European stock markets are set to open steady to slightly higher according to index futures
Wall Street pushed relentlessly into record-high territory on Wednesday, with the S&P 500 notching a seven-session winning streak.
Hong Kong stocks climbed to a fresh five-month high and swelling demand from mainland investors thanks to Beijing's drive to tackle growing asset price bubbles and the market's relatively cheap valuations.
Some investors said markets were looking slightly overvalued from a technical perspective after the bounce in recent weeks. For example, on a relative strength index (RSI), the MSCI Asia-ex Japan index was at its most overbought since 2015.
"We are seeing some profit-taking at these levels and unless there is a big correction, the broader uptrend in the Hong Kong market seems broadly intact," said Alex Wong, Hong Kong-based director of Ample Finance Group.

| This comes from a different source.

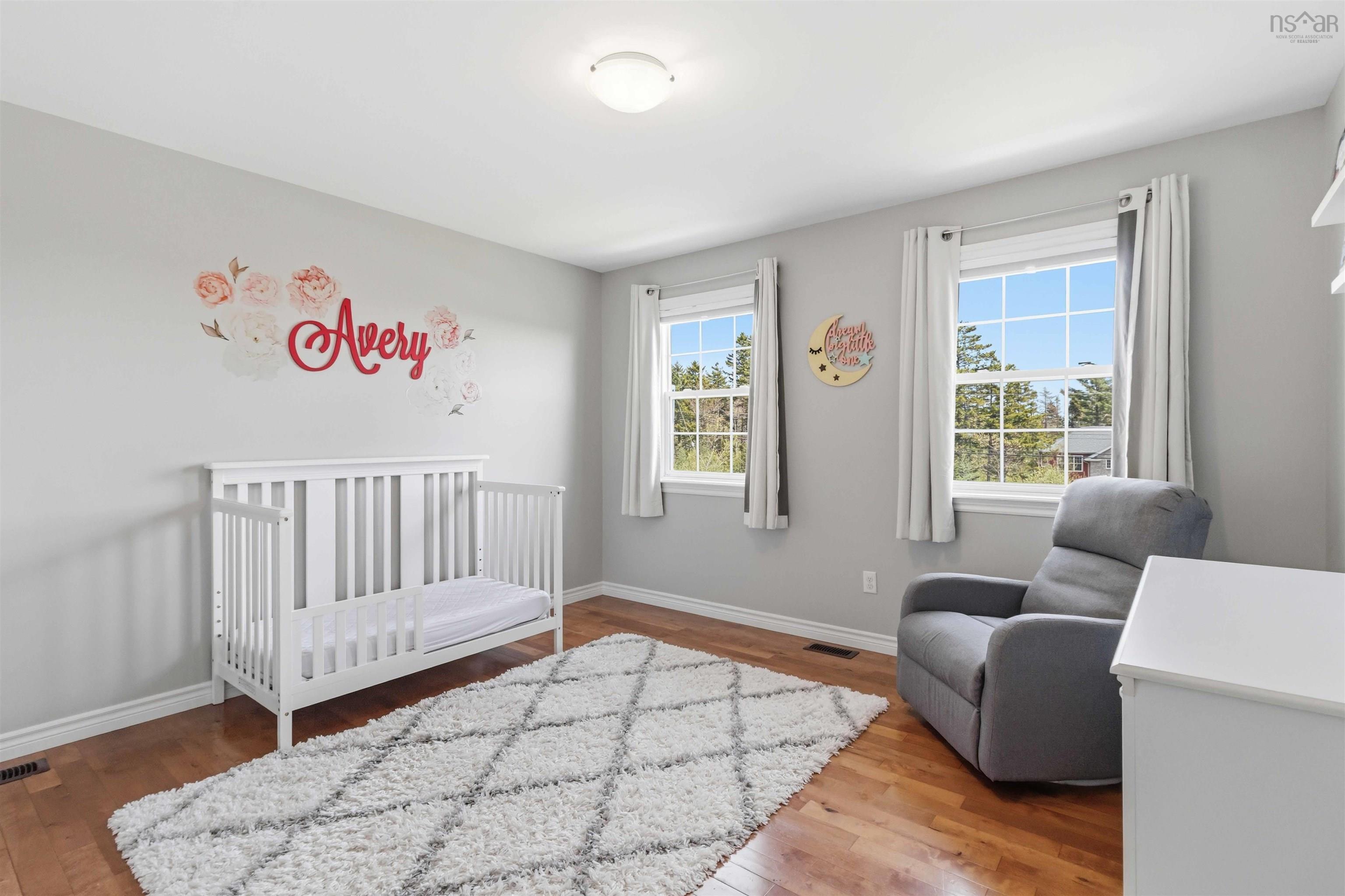 623 Rosemary Drive, Middle Sackville, NS (MLS 202611623)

Though latest regional export data confirmed an upswing in economic activity in Asia was gathering pace, political uncertainty and anti-globalization rhetoric from the U.S. made investors cautious of adding big positions.
"In light of these risks, we remain cautiously optimistic on Asian equities, having set a 12-month target for the MSCI Asia ex-Japan of 550 - a 7 percent increase from current levels," said Tuan Huynh, Asia CIO for Deutsche Bank wealth management which manages 312 billion euros globally.
Australian stocks gave up early gains and turned lower on the day after new full-time jobs declined in January, a setback after a recent run of positive data.
Caution was also evident in the currency markets with the dollar's recent bounce running out of steam as investors took profits -- even as fresh data showed a pick up in inflationary pressures.
"Retail sales seemed to have been boosted by higher prices rather than an increase in the real consumption," said Shin Kadota, senior forex strategist at Barclays. "Investors also took profit as the dollar was trading high this week."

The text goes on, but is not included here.